* Work item
Please return all of the data exactly as written.
════
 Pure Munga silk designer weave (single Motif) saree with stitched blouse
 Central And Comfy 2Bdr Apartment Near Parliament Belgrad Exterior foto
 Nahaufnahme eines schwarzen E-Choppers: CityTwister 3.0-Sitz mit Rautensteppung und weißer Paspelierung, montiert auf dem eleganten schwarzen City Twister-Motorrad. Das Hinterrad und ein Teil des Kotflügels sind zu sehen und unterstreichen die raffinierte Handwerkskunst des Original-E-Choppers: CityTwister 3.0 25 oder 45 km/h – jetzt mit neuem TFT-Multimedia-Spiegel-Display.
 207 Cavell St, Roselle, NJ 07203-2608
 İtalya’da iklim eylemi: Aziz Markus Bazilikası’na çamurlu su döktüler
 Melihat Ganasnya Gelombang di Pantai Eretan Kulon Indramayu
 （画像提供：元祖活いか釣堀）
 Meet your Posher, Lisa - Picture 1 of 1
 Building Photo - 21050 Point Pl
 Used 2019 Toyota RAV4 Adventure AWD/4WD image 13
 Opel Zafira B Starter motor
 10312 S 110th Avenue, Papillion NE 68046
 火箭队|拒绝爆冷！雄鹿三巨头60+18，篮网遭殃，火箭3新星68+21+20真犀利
════
* Answer to the exercise
 Pure Munga silk designer weave (single Motif) saree with stitched blouse
 Central And Comfy 2Bdr Apartment Near Parliament Belgrad Exterior foto
 Nahaufnahme eines schwarzen E-Choppers: CityTwister 3.0-Sitz mit Rautensteppung und weißer Paspelierung, montiert auf dem eleganten schwarzen City Twister-Motorrad. Das Hinterrad und ein Teil des Kotflügels sind zu sehen und unterstreichen die raffinierte Handwerkskunst des Original-E-Choppers: CityTwister 3.0 25 oder 45 km/h – jetzt mit neuem TFT-Multimedia-Spiegel-Display.
 207 Cavell St, Roselle, NJ 07203-2608
 İtalya’da iklim eylemi: Aziz Markus Bazilikası’na çamurlu su döktüler
 Melihat Ganasnya Gelombang di Pantai Eretan Kulon Indramayu
 （画像提供：元祖活いか釣堀）
 Meet your Posher, Lisa - Picture 1 of 1
 Building Photo - 21050 Point Pl
 Used 2019 Toyota RAV4 Adventure AWD/4WD image 13
 Opel Zafira B Starter motor
 10312 S 110th Avenue, Papillion NE 68046
 火箭队|拒绝爆冷！雄鹿三巨头60+18，篮网遭殃，火箭3新星68+21+20真犀利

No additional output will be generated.